Frequently Asked Questions (FAQ)
Common questions about Moltres and their answers.
General Questions
What is Moltres?
Moltres is a Python library that provides a PySpark-like DataFrame API for SQL databases. It compiles DataFrame operations to SQL and executes them in your database, providing SQL pushdown without requiring a Spark cluster.

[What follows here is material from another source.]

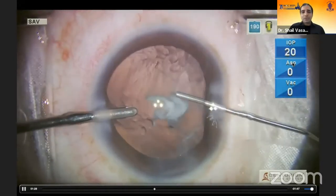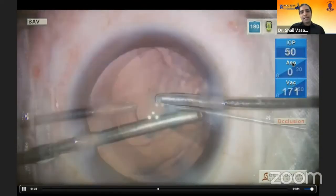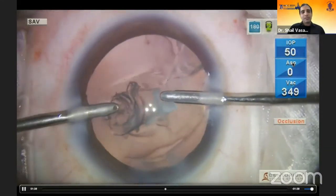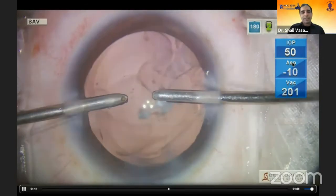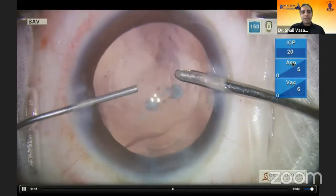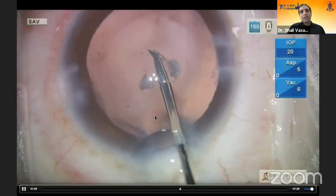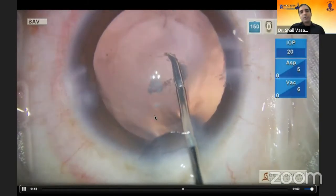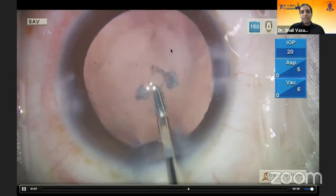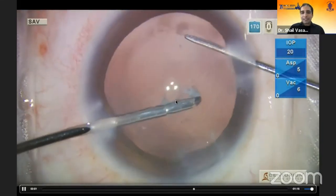Bimanual irrigation aspiration has a distinct advantage — with the peristaltic system you can separate the flow rate from the vacuum. Here I am working at a very low flow rate of 16 to 18 cc per minute, maintaining a closed chamber. Dispersive viscoelastic is the viscoelastic of choice to tamponade the open area and ensure the tear does not extend. You now have this pre-existing tear.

How is Moltres different from PySpark?
No cluster required: Moltres works with any SQL database, no Spark cluster needed
SQL pushdown: Operations are compiled to SQL and executed in the database
Simpler deployment: Just connect to your existing database
Lower overhead: No cluster management or resource allocation
How is Moltres different from Pandas?
SQL execution: Moltres executes queries in the database, not in Python memory
Lazy evaluation: Queries are optimized before execution
Scalability: Can handle larger datasets (limited by database, not Python memory)
SQL pushdown: Operations compile to SQL for better performance
Which databases are supported?
Moltres supports any database with a SQLAlchemy driver, including:
SQLite
PostgreSQL
MySQL
SQL Server
Oracle
And many others
Usage Questions
How do I connect to a database?
from moltres import connect
# SQLite
db = connect("sqlite:///example.db")
# PostgreSQL
db = connect("postgresql://user:pass@host/dbname")
# MySQL
db = connect("mysql://user:pass@host/dbname")

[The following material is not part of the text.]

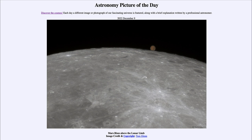Just a couple of days ago on December 7th, Mars and the full moon were very close together in the sky. We call that a conjunction — when two objects are close together in the sky.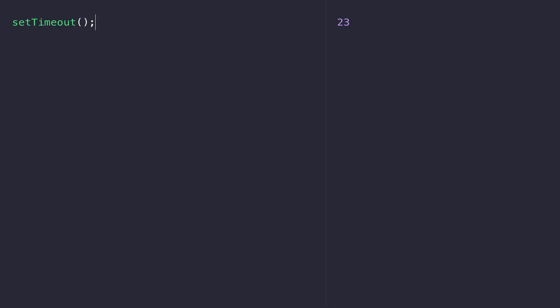So in the previous video we saw how functions work, how you can define a function and call a function with different values. In this video we're going to look at something called anonymous functions.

How do I read data from a table?
# Select all columns
df = db.table("users").select()
# Select specific columns
df = db.table("users").select("id", "name", "email")
# With filtering
from moltres import col
df = db.table("users").select().where(col("active") == True)
How do I read data from files?
# CSV
df = db.load.csv("data.csv")
# JSON
df = db.load.json("data.json")
# Parquet
df = db.load.parquet("data.parquet")
# With options
df = db.load.csv("data.csv", header=True, delimiter=",")
How do I filter rows?
from moltres import col
# Single condition
df = db.table("users").select().where(col("age") > 18)
# Multiple conditions
df = db.table("users").select().where(
(col("age") > 18) & (col("active") == True)
)
How do I join tables?
customers = db.table("customers").select()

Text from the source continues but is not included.